引き裂かれた永住査証 ① (2005/04/24)
サンパウロ市ラッパ区にある連邦警察の1フロアーには、外国人がひしめいていた。ペルー人やボリビア人、韓国人、それにアフリア諸国などから入国している人々。まさにその場所は、ブラジルの現状を象徴していた――
「ミツヒコ コンタニ」 「あなたの書類は受け付けられません。別な必要書類を揃えて提出して下さい」 連邦警察のカウンターで、唖然とした。警察職員の説明では、私の提出した永住査証再更新のための書類は、一般農業者用のもので、私の査証は起業者のためのものだというのだ。 「そんな、バカな。私は農場査証を申請しているはずだ」 そう抵抗してみたが、身分証明書に記されている番号(写真下)NR35 12/12/94 do CNI/MTB は起業者用の査証であり、農業ビザではないという。実際に起業していないので、連邦警察が求める書類を提出するのは不可能である。
「最初に、身分証明書を取得したとき、なぜそのことを申し出なかったのか?」 職員は反問するが、そんな小さな番号を素人の私が分かるわけがないじゃないか。 とにかく、押し問答の結果、「では、とりあえず永住査証を押してある以前のパスポートを持って来い」というところまでこぎ着けた。
ブラジル在住外国人は、身分証明書を取得しなければならず、そこに査証の種類が書かれてあると同時に有効期限が記されている。観光ビザや労働ビザなどの一般査証に有効期限があるのは分かるが、永住査証なのに有効期限が明記されることになり、そのこと自体不思議なのだが……。このため、ブラジルの外国人移住者はすべて、有効期限内に再更新の手続きを行なわなければならない。大体10年に一度といった割合で更新する。さらに、不定期に一斉更新という場合もあり、95年に身分証明書を新しいカード型にするといった理由で外国人全員が更新させられている。また、永住権をもった外国人が海外にいる場合は、2年に1度の割合でブラジルに来なければ失効してしまう。こうした更新は、外国人を管理すると共に、連邦警察の貴重な収入源となっているとも噂されている。

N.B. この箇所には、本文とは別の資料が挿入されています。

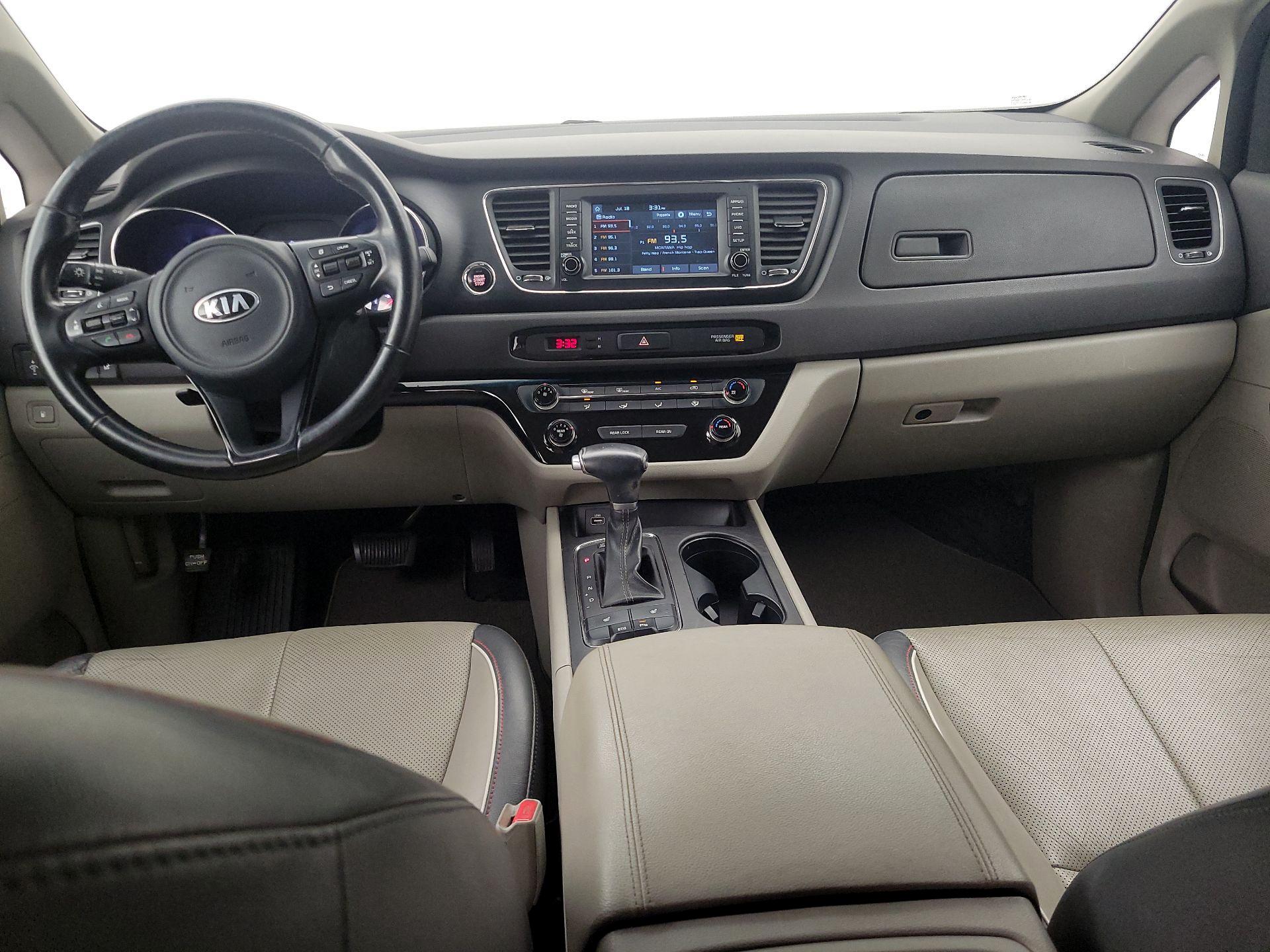 Thumbnail: 2017 Kia Sedona - 9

自宅に戻った私は、以前のパスポートを引き出しの中からほじくり出した。そのパスポートに押してある査証は、間違いなく一般農業ビザ(写真左)だった。
私は、書類代行業を営み「ビザ博士」とも呼ばれているTさんに連絡、詳しい事情を調べてもらうことにした。ブラジルの役所は、担当者によって言うことが違うので、信用できないからだ。役人は知らないことを「知らない」とは言わない奇妙なプライドを持っているせいであろう。 Tさんは仕事で毎日のように連邦警察に出向き、現場の職員たちとも顔なじみだ。誰が詳しくて誰がハッタリ野郎かも熟知している。だからこそ、Tさんに頼んだのだ。私は農業者用の永住査証を押してあるパスポートを手渡した。 身分証明書の査証種類が起業ビザとなっているのはなぜか。どうすれば更新できるのか。
Tさんが調べてきたところによると、身分証明書が間違っていることを証明しなければならないというのだ。そのためには、10年前当時の書類をすべて揃えて、ブラジリアの連邦本部に持っていかなければならない。 どこかで、誰かが間違えたのだが、役所は「自分が間違えた」と絶対に言わない。提出書類が悪いとか、労働省からきた書類が間違っていたとか、別の部署に行けだとか、役所の必殺ワザ「たらい回し攻撃」を受けることは間違いないという。 もうすでに「ブラジリア本部へ行け」と簡単に言ってくれるが、ブラジリアまで約1000キロ、飛行機で2時間という距離だ。 「金と時間がかかるだろう。腕のいい弁護士に依頼するか、また強力な政治家に頼めばなんとかなるかもしれない」 Tさんは、そう説明した。
もう一つ、悪いことに、現在、外国人はすべて連邦警察のコンピューターに登録されており、名前さえ入力すれば、すべてのデータが見られる仕組みになっている。このデータに私の以前の勤務先が入力されていた。農業査証で取得しているのに、最初から農業を営んでいないことが判明している。農業査証の場合、原則的には、最初の数年間は農業に従事しなければならない。ほとんど形骸化された条項であるが、もし裁判などになった場合、不利にはたらくことは間違いないという。